WORK REQUEST: An exact copy of all the data is needed, with every picture left out.

INFORMATION SHOWN:
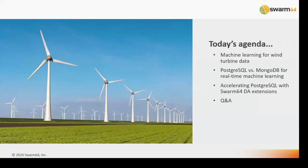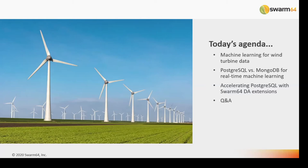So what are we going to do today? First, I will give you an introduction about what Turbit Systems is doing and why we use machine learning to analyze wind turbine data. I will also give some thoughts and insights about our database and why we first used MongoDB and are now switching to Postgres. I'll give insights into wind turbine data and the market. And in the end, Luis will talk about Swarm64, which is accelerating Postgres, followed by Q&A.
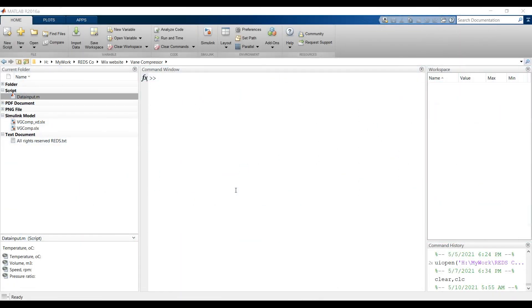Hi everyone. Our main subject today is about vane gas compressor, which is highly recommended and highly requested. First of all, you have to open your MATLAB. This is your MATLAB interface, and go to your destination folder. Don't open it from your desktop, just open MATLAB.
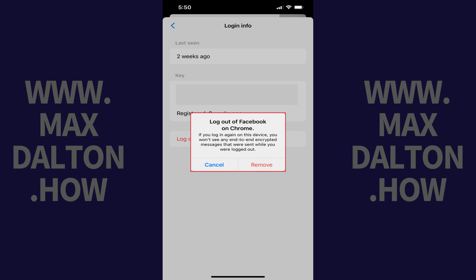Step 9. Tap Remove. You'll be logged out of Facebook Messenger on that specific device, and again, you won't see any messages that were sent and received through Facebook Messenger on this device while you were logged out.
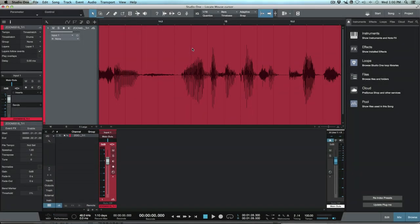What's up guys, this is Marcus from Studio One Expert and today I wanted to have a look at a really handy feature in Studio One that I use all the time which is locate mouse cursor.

RESPONSE TO THIS TASK:
So what are we going to do today? First, I will give you an introduction about what Turbit Systems is doing and why we use machine learning to analyze wind turbine data. I will also give some thoughts and insights about our database and why we first used MongoDB and are now switching to Postgres. I'll give insights into wind turbine data and the market. And in the end, Luis will talk about Swarm64, which is accelerating Postgres, followed by Q&A.
Hi everyone. Our main subject today is about vane gas compressor, which is highly recommended and highly requested. First of all, you have to open your MATLAB. This is your MATLAB interface, and go to your destination folder. Don't open it from your desktop, just open MATLAB.
Step 9. Tap Remove. You'll be logged out of Facebook Messenger on that specific device, and again, you won't see any messages that were sent and received through Facebook Messenger on this device while you were logged out.
What's up guys, this is Marcus from Studio One Expert and today I wanted to have a look at a really handy feature in Studio One that I use all the time which is locate mouse cursor.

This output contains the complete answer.